The agency would concentrate on Douglas and draw up a plan to reinvigorate the town centre. It would also be able to make ’lump sum’ payments to projects.
The suggested incentives the agency would be able to offer include lower taxes and rates to encourage development, mortgage interest relief for homeowners and a cut in the requirements for car parking ’so development can provide higher returns to developers’.
The report’s authors say: ’Interviewees told us that the 20% rate of property and land tax (increased from 10%) directly led to the collapse of nascent development projects on the island. A reduction in this tax could have a significant and immediate effect on improving economic returns to investors.’
It suggests that land registration and building control fees are currently hampering development and suggests that ’affordable housing and other social benefits are not always suitable to all development sites and limit economic viability’.
Among other recommendations is that an agency should ’identify strategic redevelopment areas and provide the framework to deliver cost neutral development outcomes’. It also says it should ’establish and maintain a flexible fiscal and funding environment in which development is economically viable’.
The agency would be an arm’s-length one, staffed by civil servants and private businesses.
Tynwald’s select committee on unoccupied urban sites - which commissioned the report - said that developing in the countryside was ’more straightforward and commercially attractive’ than developing in town.
Earlier this month, Middle MHK Bill Shimmins, whose constituency could see more homes under the eastern plan built on greenfield sites, highlighted a number of places in Douglas that he said should be developed instead.
Those included the old Park Road school site, the old prison and the South Quay.
One of the approved recommendations in the consultancy report is that a development agency should be set up and it should work with local government and the private sector.
Laurence Skelly MHK, Minister for Enterprise (pictured right), said: ’Given the likely significant public and political interest in such an agency, it is essential that we ensure the correct structure is in place to enable efficient delivery of projects to improve our urban areas whilst recognising the inevitable scrutiny and need for good governance.

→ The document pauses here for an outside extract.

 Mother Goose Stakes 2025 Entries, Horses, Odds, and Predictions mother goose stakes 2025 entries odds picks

’As part of this work it is imperative that we engage in development that is environmentally sensitive and utilises low carbon impact designs and materials that comply with the government’s forthcoming climate change policy.
’Work is continuing to bring the island development plan up to date alongside general improvements to the planning system to provide opportunities for social, environmental and economic benefits to better support government’s journey towards a sustainable island.’

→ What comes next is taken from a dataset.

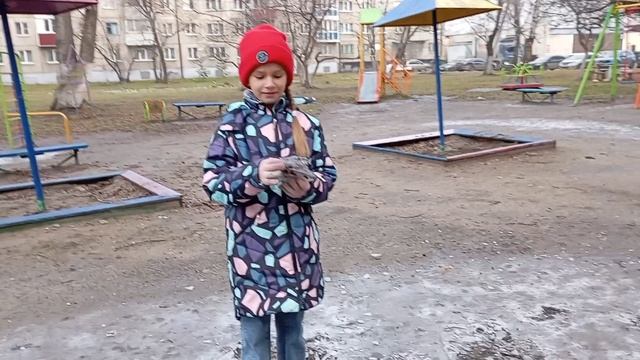 лëд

The development agency approach has been adopted in a number of other jurisdictions and the consultancy report analysed the differing models in order to assess which may be more applicable in the island.
The report’s authors talked to people in the private and public sector ’to fully understand the need and required structure, powers and governance framework required for it to succeed’.
The Department for Enterprise is working with the Departments of Infrastructure, Environment, Food and Agriculture, the Cabinet Office and Treasury as part of a cross-government working group on all of the recommendations of the select committee and will consider the next steps as part of the response to the select committee report, which is due to be brought back to Tynwald in December by the Minister for Policy and Reform, Chris Thomas.